* [WORK TASK]: Omit the pictures, then reproduce every remaining record exactly.

[Opening MATERIAL PROVIDED section]

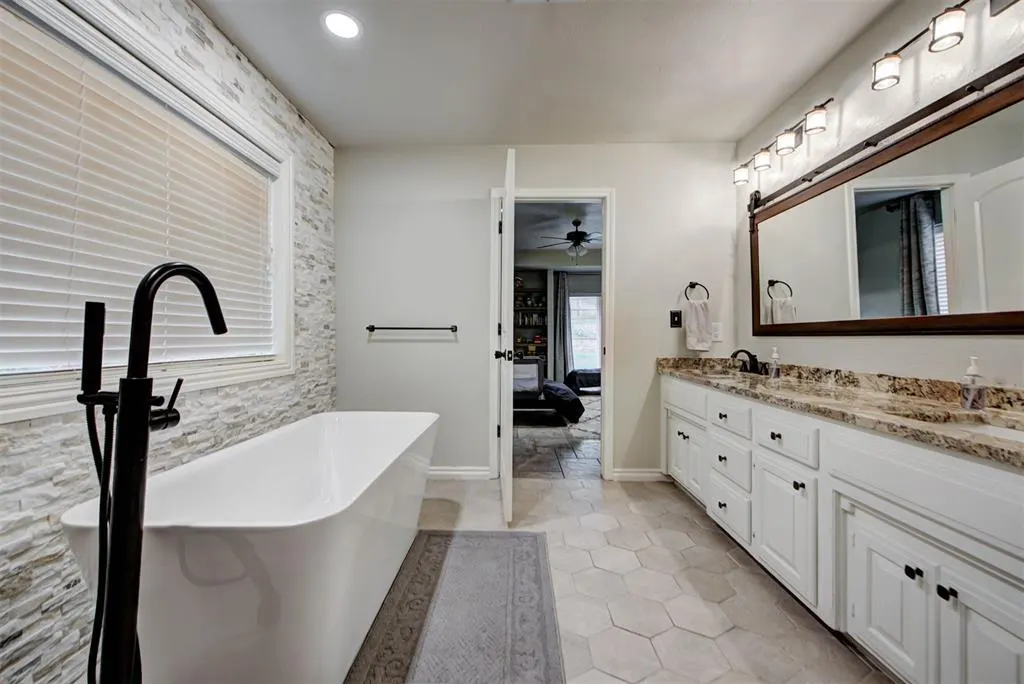 Photo 23 — 3936 Spyglass Road, Oklahoma City, OK 73120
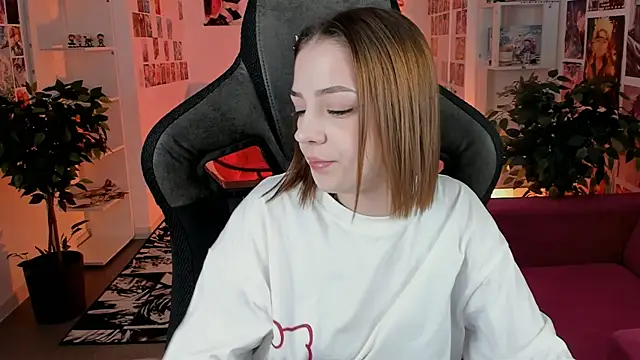 PamBeesly online show from November 8, 11:26 am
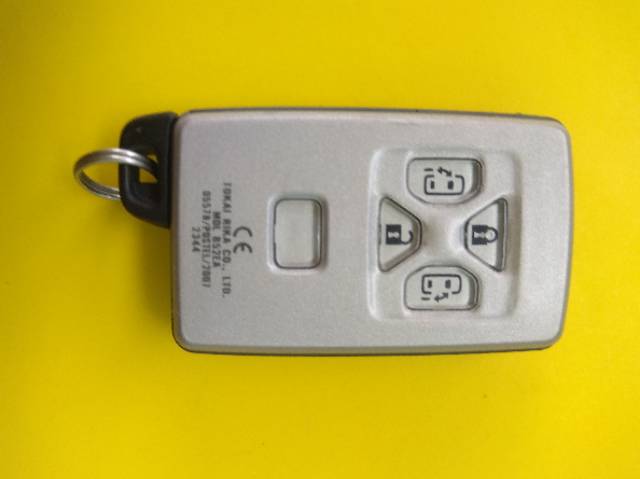 Kunci remot smart key toyota new Nav1 ORIGINAL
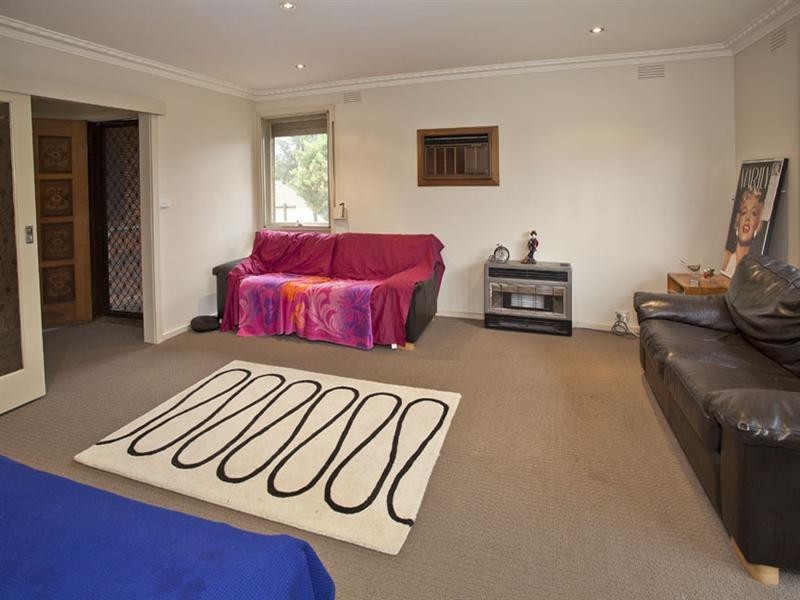 2 Jacksons Road, Noble Park North VIC 3174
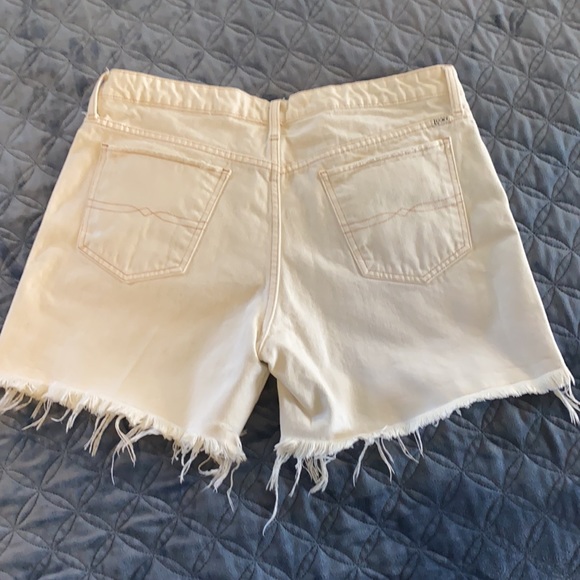 Lucky Brand Women's Mid Rise Relaxed Short - Picture 4 of 11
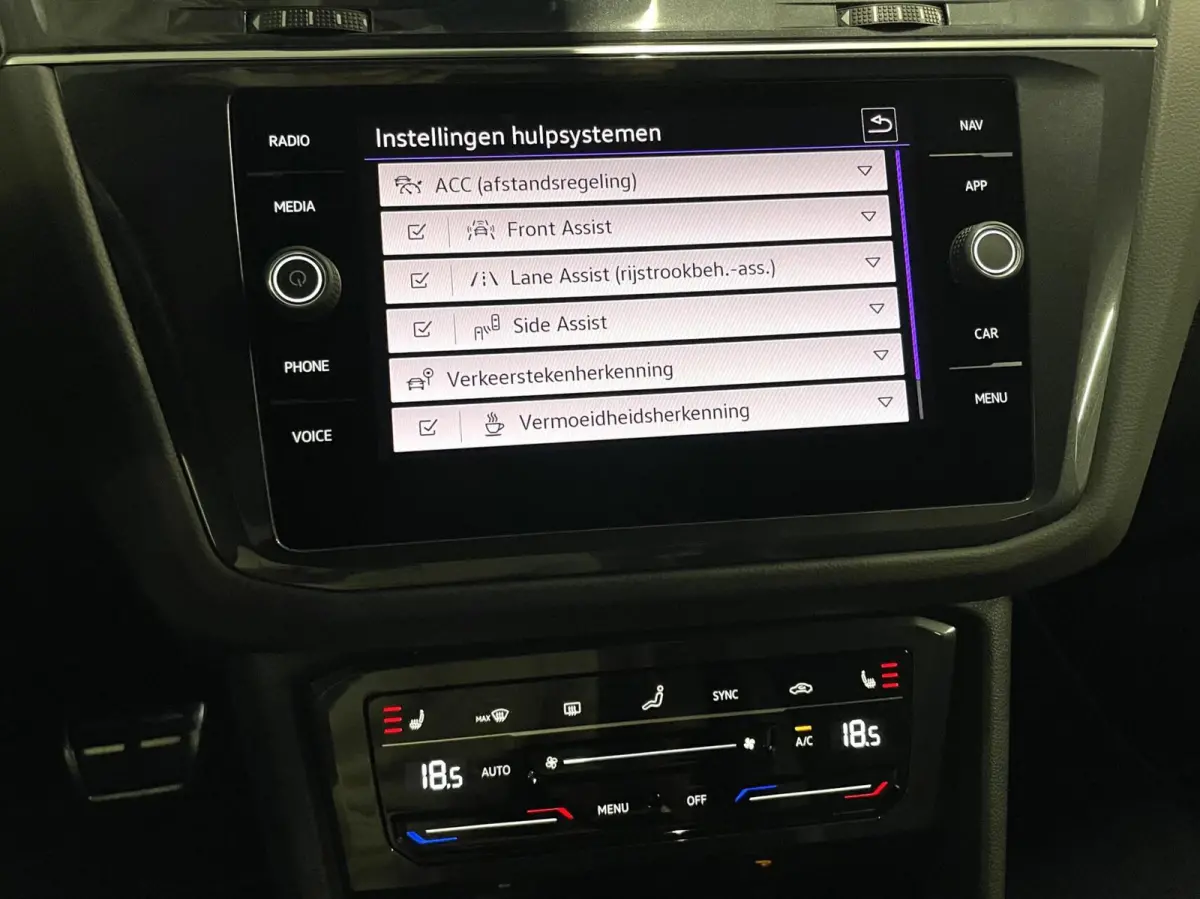 1.4 TSI eHybrid R-Line Business+ Black Style/Cam/ IQ LED/ Keyless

[Closing MATERIAL PROVIDED section]

* [THE ANSWER]:
 Photo 23 — 3936 Spyglass Road, Oklahoma City, OK 73120
 PamBeesly online show from November 8, 11:26 am
 Kunci remot smart key toyota new Nav1 ORIGINAL
 2 Jacksons Road, Noble Park North VIC 3174
 Lucky Brand Women's Mid Rise Relaxed Short - Picture 4 of 11
 1.4 TSI eHybrid R-Line Business+ Black Style/Cam/ IQ LED/ Keyless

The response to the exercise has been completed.